• _Activity_
Transcribe the listing exactly, skipping every picture.

• _Provided material_
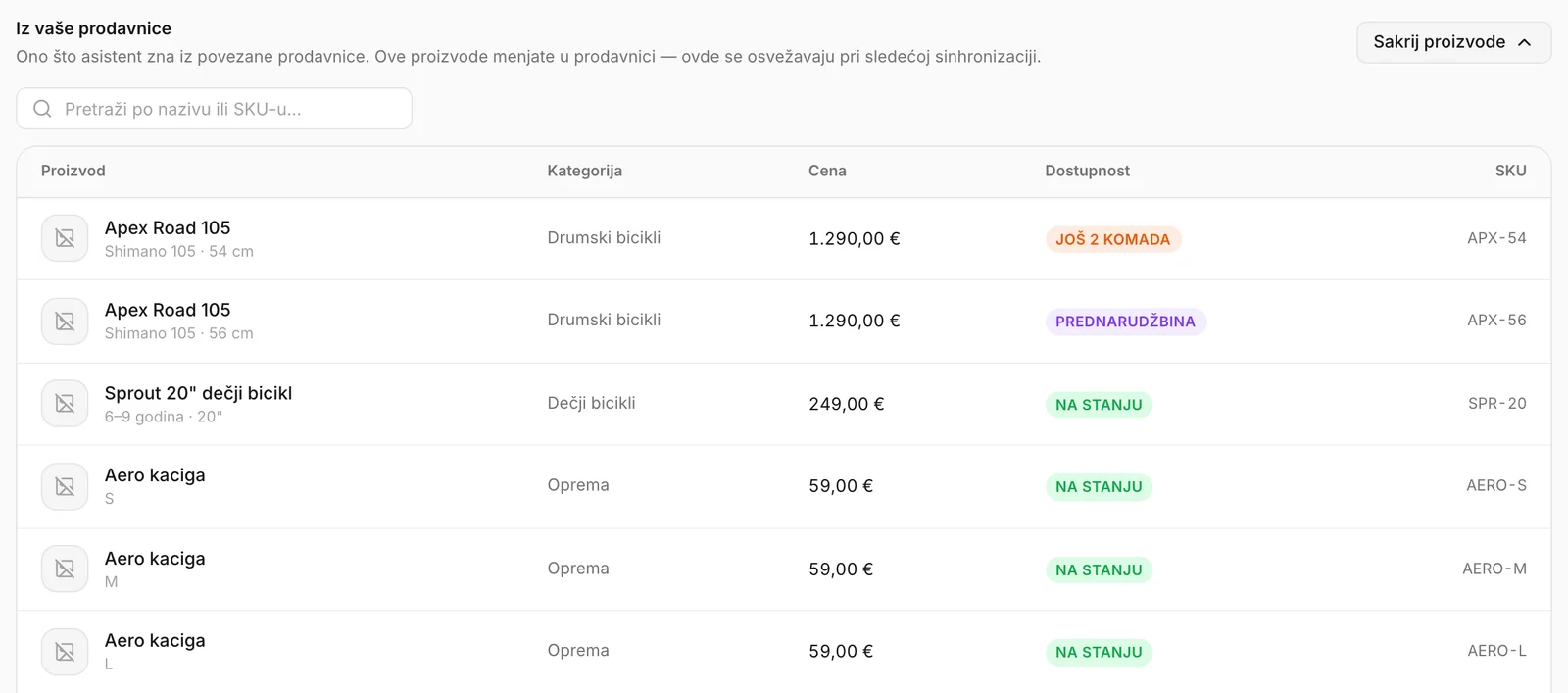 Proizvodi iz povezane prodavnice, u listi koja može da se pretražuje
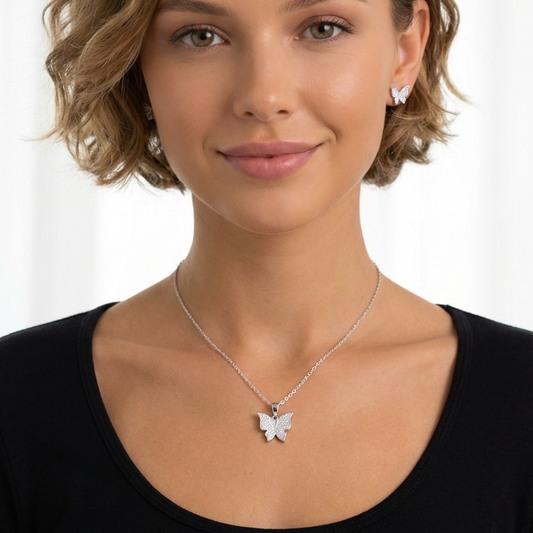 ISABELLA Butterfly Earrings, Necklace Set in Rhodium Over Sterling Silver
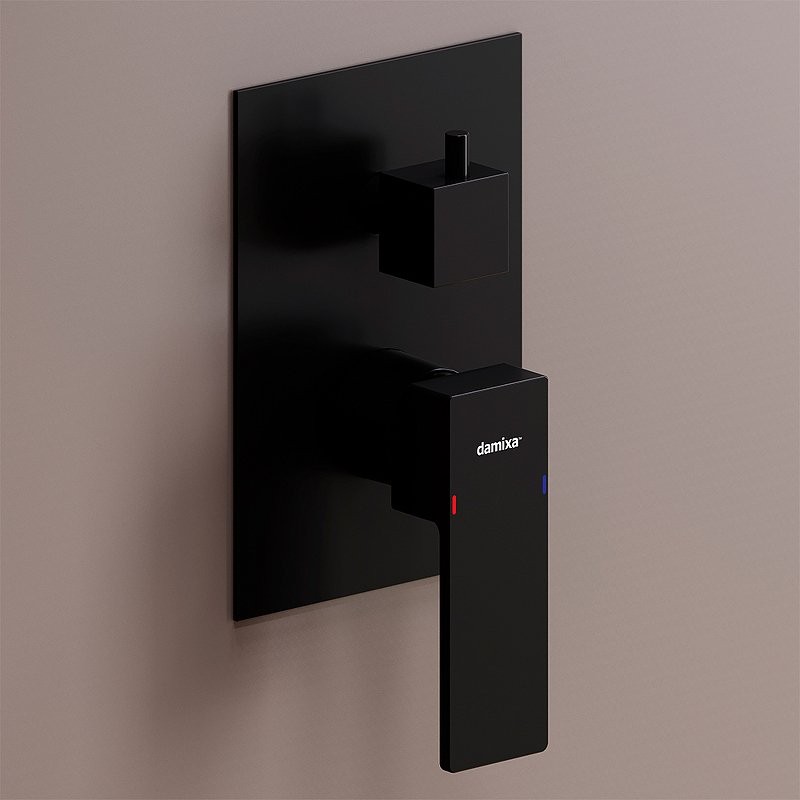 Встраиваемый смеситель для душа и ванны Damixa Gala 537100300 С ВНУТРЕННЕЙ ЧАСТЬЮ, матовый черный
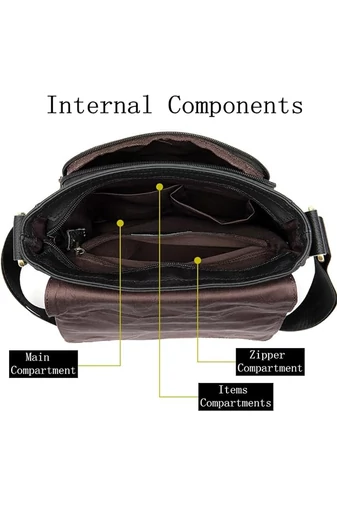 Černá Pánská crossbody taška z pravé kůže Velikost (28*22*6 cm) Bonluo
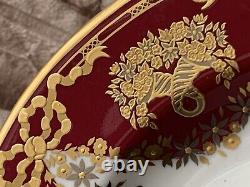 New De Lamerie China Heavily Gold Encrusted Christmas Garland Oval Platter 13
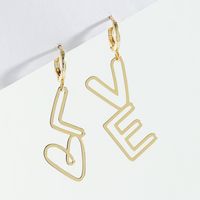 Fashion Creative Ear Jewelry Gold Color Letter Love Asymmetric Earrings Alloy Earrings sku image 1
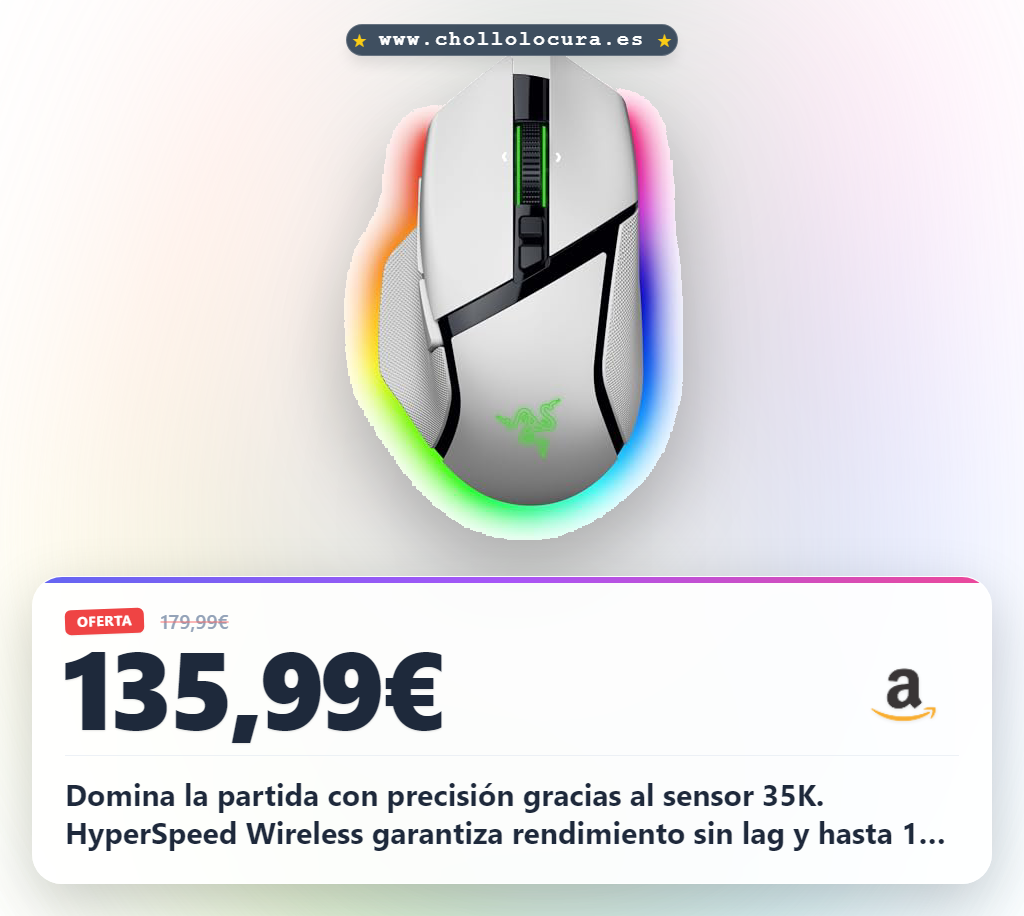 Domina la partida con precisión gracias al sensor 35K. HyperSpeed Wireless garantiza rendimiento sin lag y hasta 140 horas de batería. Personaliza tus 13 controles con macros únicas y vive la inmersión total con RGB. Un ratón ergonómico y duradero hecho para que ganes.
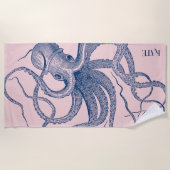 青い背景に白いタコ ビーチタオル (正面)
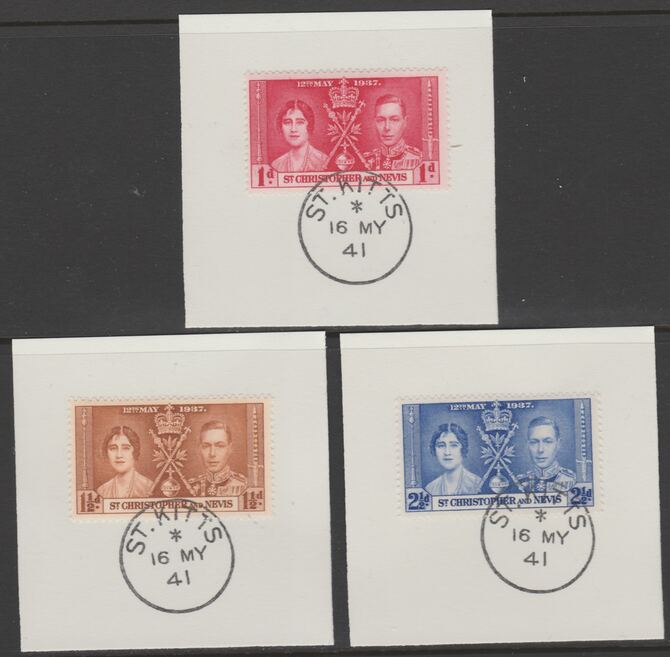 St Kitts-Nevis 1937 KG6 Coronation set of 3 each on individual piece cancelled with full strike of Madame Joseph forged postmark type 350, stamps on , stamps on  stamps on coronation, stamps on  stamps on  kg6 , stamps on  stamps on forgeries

• _Solution to this problem_
 Proizvodi iz povezane prodavnice, u listi koja može da se pretražuje
 ISABELLA Butterfly Earrings, Necklace Set in Rhodium Over Sterling Silver
 Встраиваемый смеситель для душа и ванны Damixa Gala 537100300 С ВНУТРЕННЕЙ ЧАСТЬЮ, матовый черный
 Černá Pánská crossbody taška z pravé kůže Velikost (28*22*6 cm) Bonluo
 New De Lamerie China Heavily Gold Encrusted Christmas Garland Oval Platter 13
 Fashion Creative Ear Jewelry Gold Color Letter Love Asymmetric Earrings Alloy Earrings sku image 1
 Domina la partida con precisión gracias al sensor 35K. HyperSpeed Wireless garantiza rendimiento sin lag y hasta 140 horas de batería. Personaliza tus 13 controles con macros únicas y vive la inmersión total con RGB. Un ratón ergonómico y duradero hecho para que ganes.
 青い背景に白いタコ ビーチタオル (正面)
 St Kitts-Nevis 1937 KG6 Coronation set of 3 each on individual piece cancelled with full strike of Madame Joseph forged postmark type 350, stamps on , stamps on  stamps on coronation, stamps on  stamps on  kg6 , stamps on  stamps on forgeries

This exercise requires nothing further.